TORONTO: The Canadian dollar slipped to an 11-day low against its US counterpart on Monday as escalation of a trade dispute between the world's biggest economies weighed on global stock markets and oil prices.
At 4 p.m. EDT (2000 GMT), the Canadian dollar was trading 0.1 percent lower at C$1.2916 to the greenback, or 77.42 US cents.
The currency's strongest level of the session was C$1.2864, while it touched its weakest since March 22 at C$1.2944.
"It has been a broad based risk aversion move rather than anything CAD specific," said Eric Theoret, a currency strategist at Scotiabank.
US stocks plunged as investors fled technology shares amid resurging trade worries, sending the S&P 500 and the Dow Jones Industrial Average below their 200-day moving averages for the first time since the Brexit vote in June 2016.
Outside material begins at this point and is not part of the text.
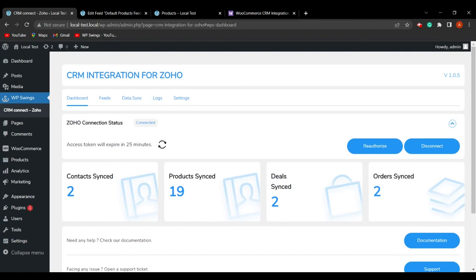From Part 2, you will learn how to set up the plugin, what feeds are, how to sync the data, how to check the log section, and how to configure the various settings in the settings tab. In this demo video, we will focus on the newly added features.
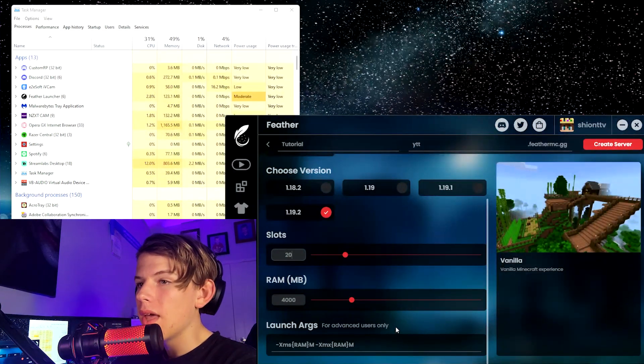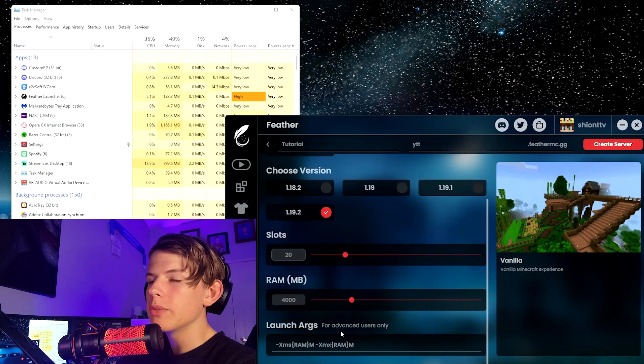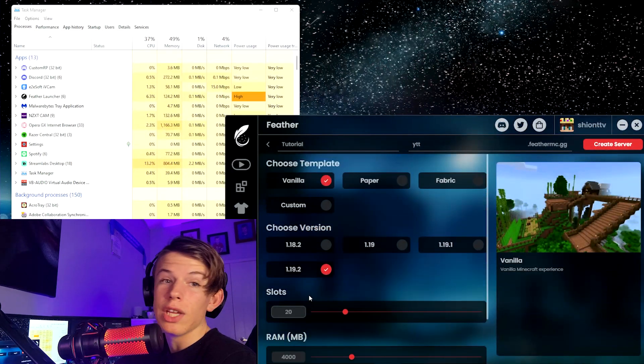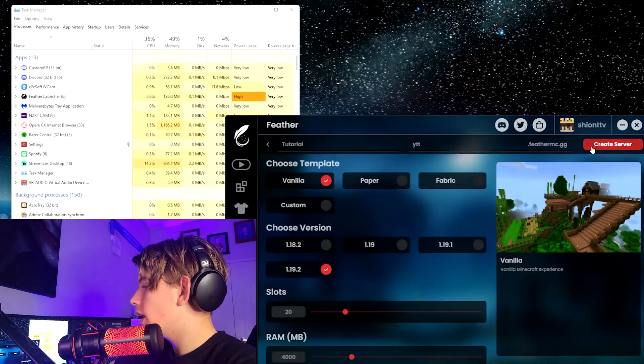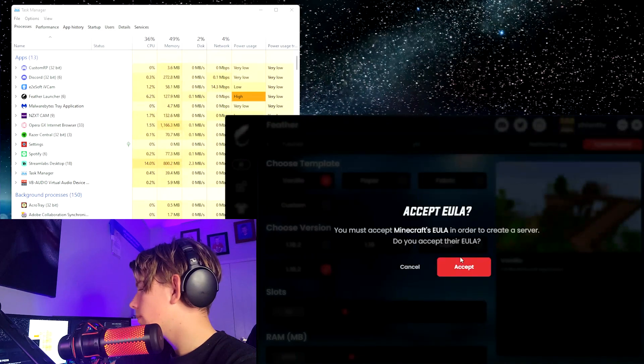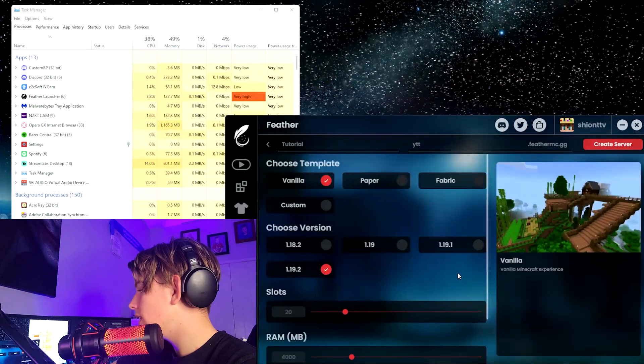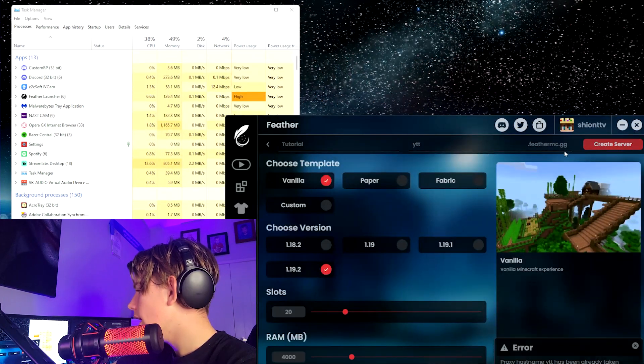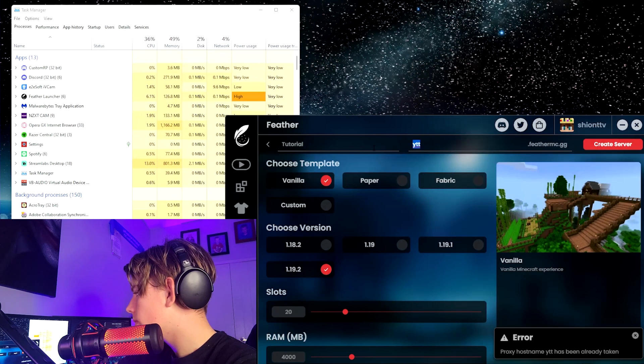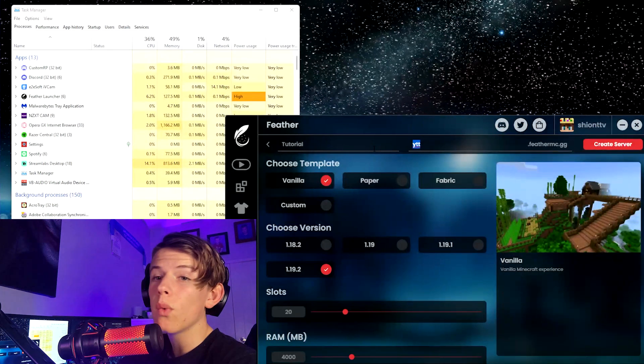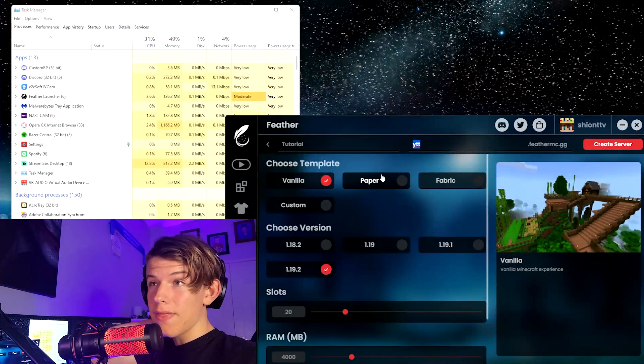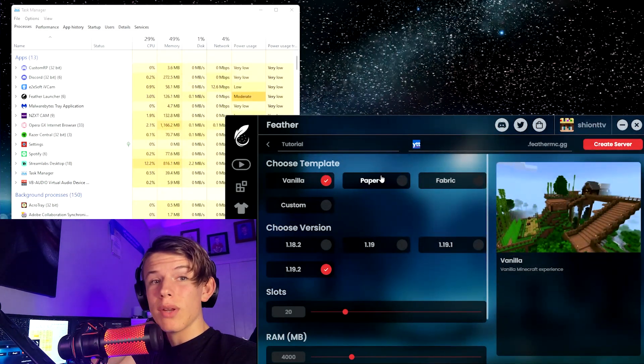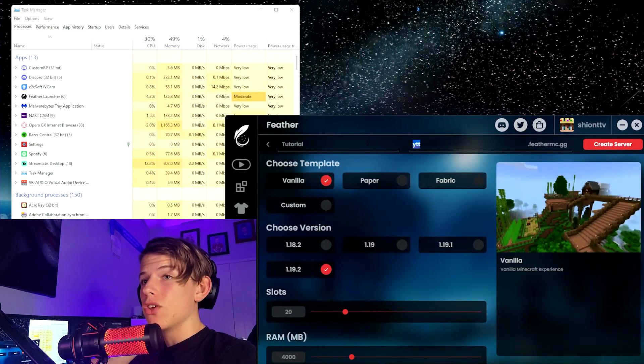Ignore the launch args because, as it says, it's for advanced users. Then you want to create server. You're going to have to accept Minecraft's EULA. Now this will happen from time to time. If the proxy server has already been taken, you're going to have to make a new one.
China has increased tariffs by up to 25 percent on 128 US products in response to US duties on imports of aluminum and steel. A global trade war could hurt Canada's commodity-linked economy.
The price of oil, one of Canada's major exports, was pressured by a rise in Russian production, expectations that Saudi Arabia will cut prices of the crude it sends to Asia and the deepening US-China trade spat.
US crude oil futures settled nearly 3 percent lower at $63.01 a barrel.
The pace of growth in the Canadian manufacturing sector firmed in March, data showed. The Markit Canada Manufacturing Purchasing Managers' index, a measure of manufacturing business conditions, increased to a seasonally adjusted 55.7 last month from 55.6 in February.
Canadian government bond prices were lower across the yield curve, with the two years down 1.2 Canadian cents to yield 1.784 percent and the 10-year falling 19 Canadian cents to yield 2.116 percent.
On Thursday, the 10-year yield touched its lowest intraday since Jan. 4 at 2.073 percent.
Canadian trade data for February is due on Thursday and the March employment report is due on Friday.